** Opening Entries shown block **

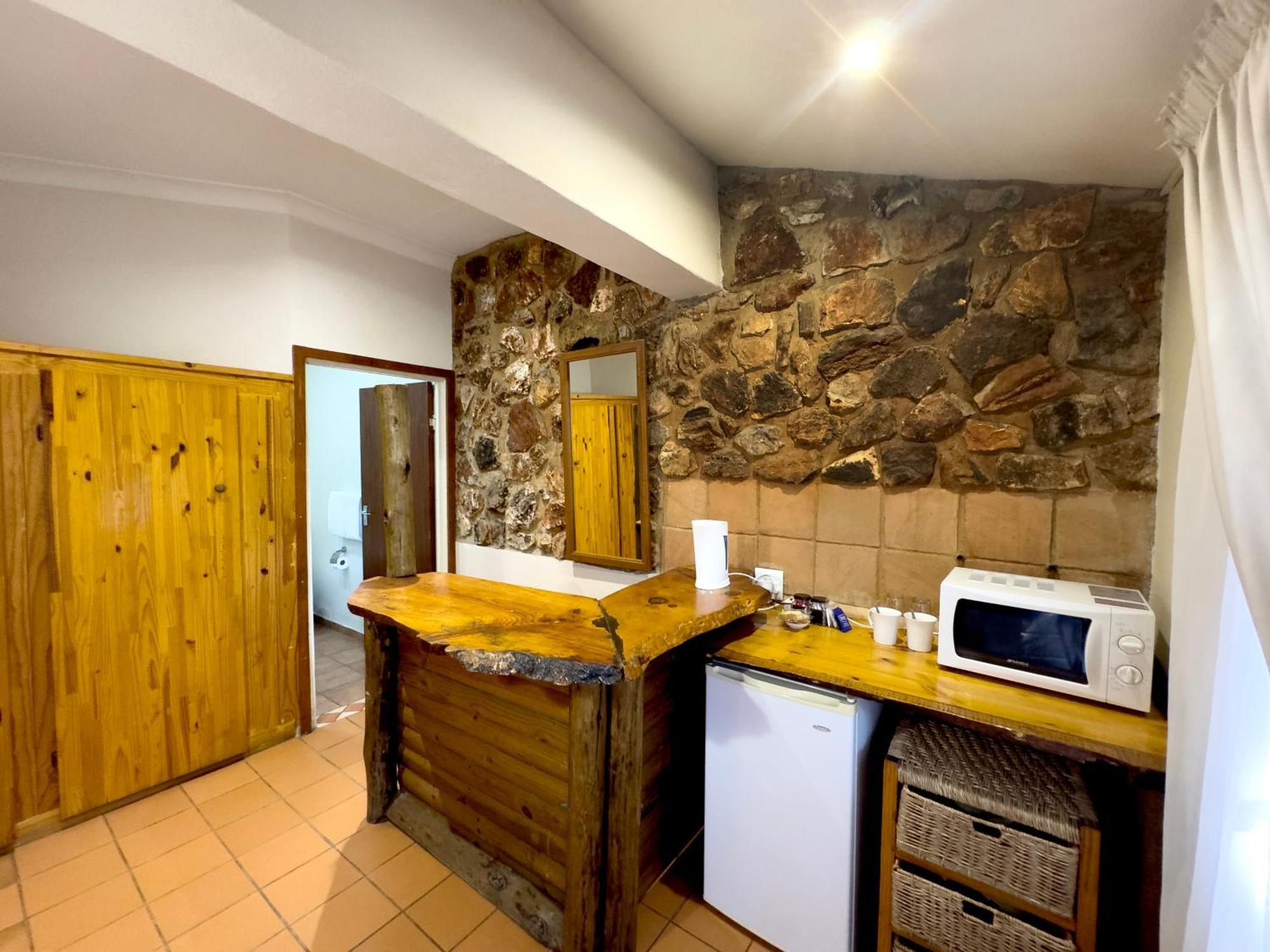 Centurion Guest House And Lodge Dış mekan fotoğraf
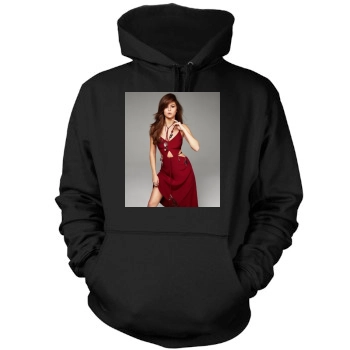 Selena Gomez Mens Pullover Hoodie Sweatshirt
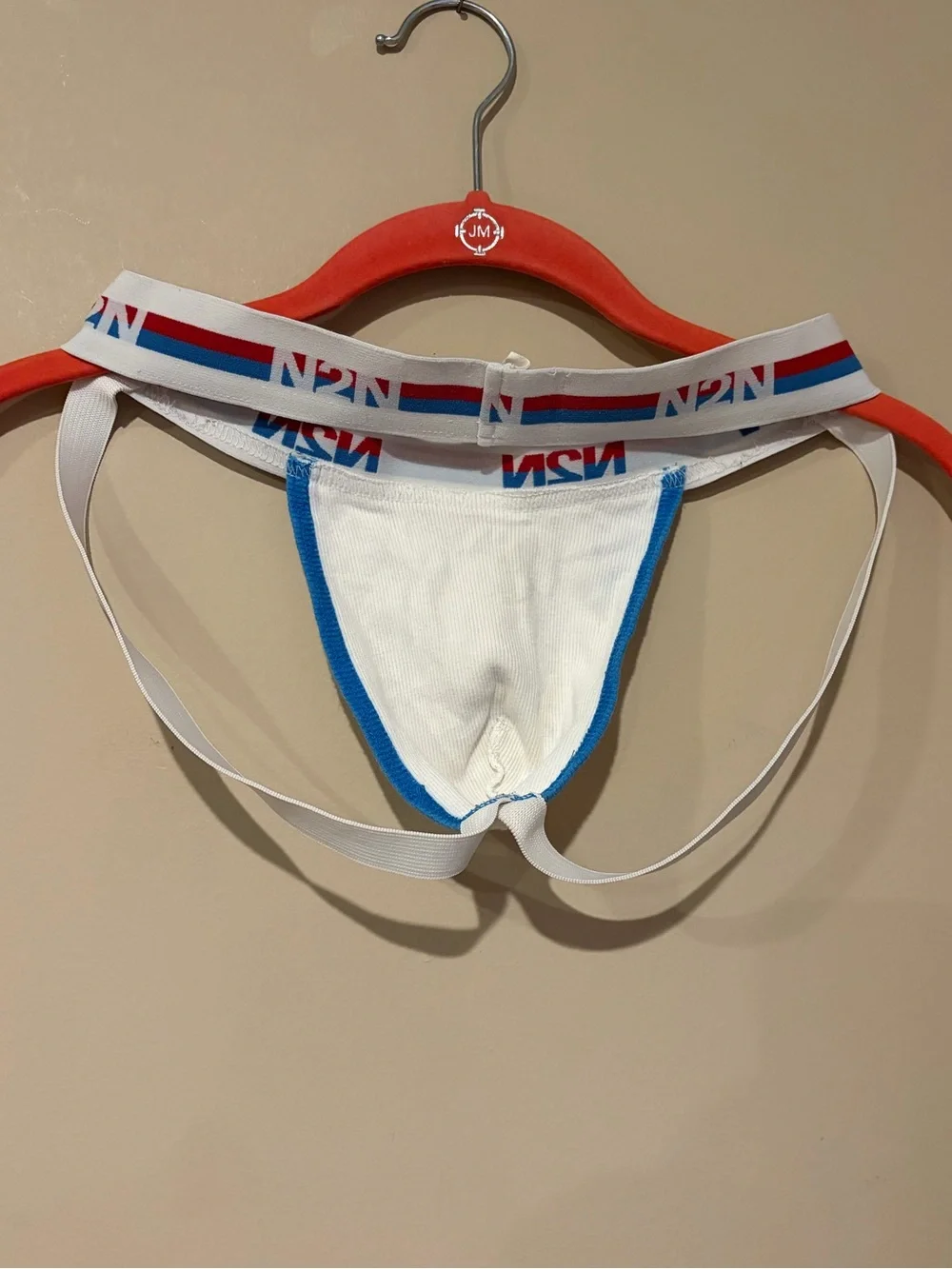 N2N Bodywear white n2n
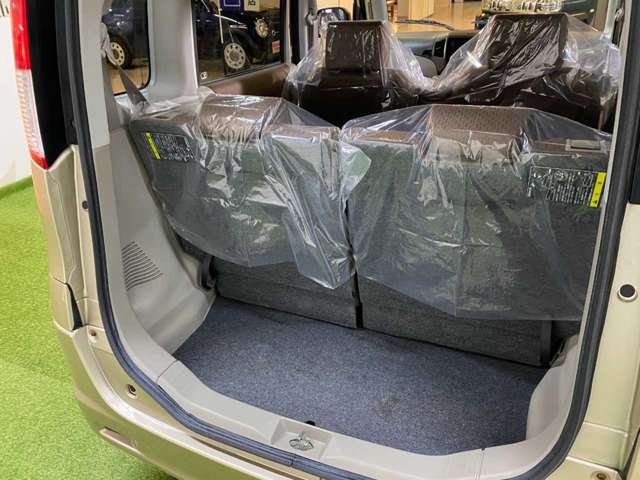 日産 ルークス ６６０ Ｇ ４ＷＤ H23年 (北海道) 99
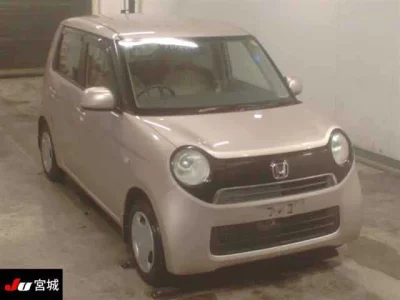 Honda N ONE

** Closing Entries shown block **
** Opening Entries shown block **

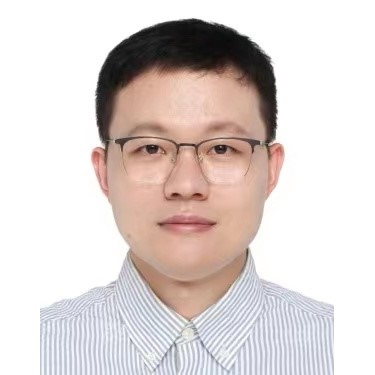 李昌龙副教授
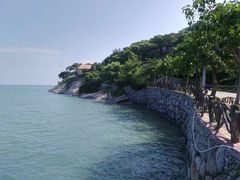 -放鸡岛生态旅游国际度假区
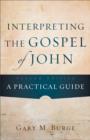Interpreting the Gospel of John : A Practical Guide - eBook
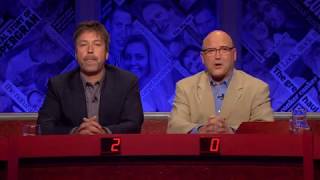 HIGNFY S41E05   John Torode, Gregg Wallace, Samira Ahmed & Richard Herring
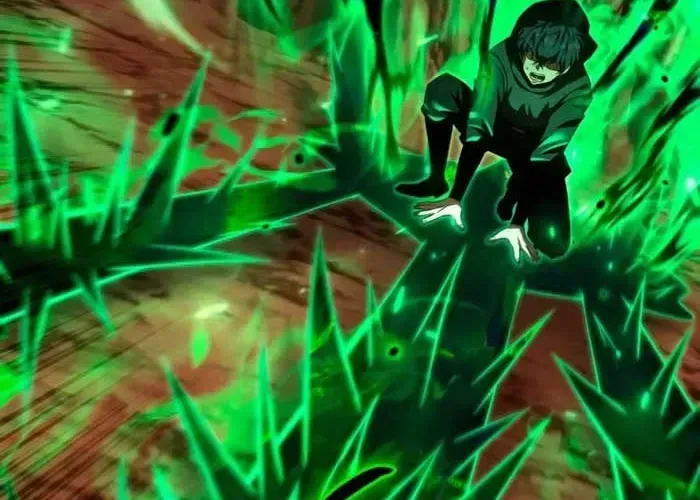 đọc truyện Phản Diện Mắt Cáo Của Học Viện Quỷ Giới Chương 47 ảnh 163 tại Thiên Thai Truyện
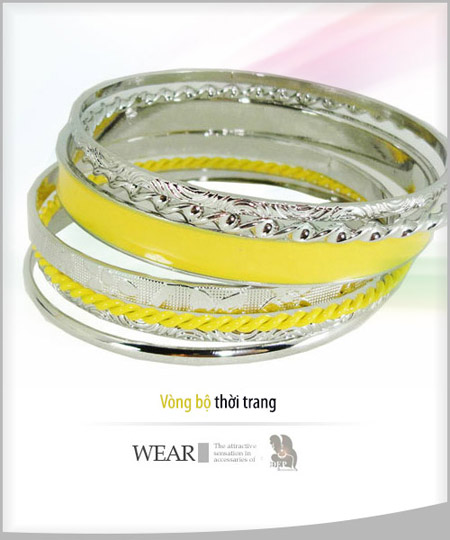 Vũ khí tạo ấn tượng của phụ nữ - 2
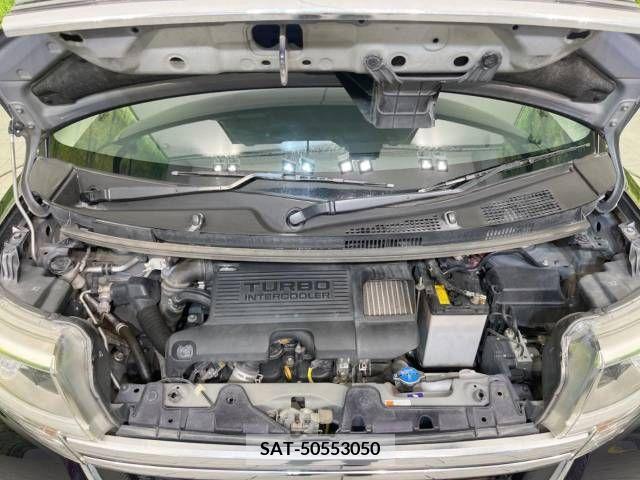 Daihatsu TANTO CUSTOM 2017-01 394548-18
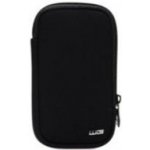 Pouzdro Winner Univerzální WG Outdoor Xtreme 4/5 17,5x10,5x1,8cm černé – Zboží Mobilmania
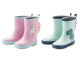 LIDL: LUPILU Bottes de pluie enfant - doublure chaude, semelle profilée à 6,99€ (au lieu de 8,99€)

** Closing Entries shown block **

[Assignment] Look above for the line with "-放鸡岛生态旅游国际度假区" and copy exactly from it through the line with "LIDL: LUPILU Bottes", both included. Omit the pictures.

[The completed task]
 -放鸡岛生态旅游国际度假区
Interpreting the Gospel of John : A Practical Guide - eBook
 HIGNFY S41E05   John Torode, Gregg Wallace, Samira Ahmed & Richard Herring
 đọc truyện Phản Diện Mắt Cáo Của Học Viện Quỷ Giới Chương 47 ảnh 163 tại Thiên Thai Truyện
 Vũ khí tạo ấn tượng của phụ nữ - 2
 Daihatsu TANTO CUSTOM 2017-01 394548-18
 Pouzdro Winner Univerzální WG Outdoor Xtreme 4/5 17,5x10,5x1,8cm černé – Zboží Mobilmania
 LIDL: LUPILU Bottes de pluie enfant - doublure chaude, semelle profilée à 6,99€ (au lieu de 8,99€)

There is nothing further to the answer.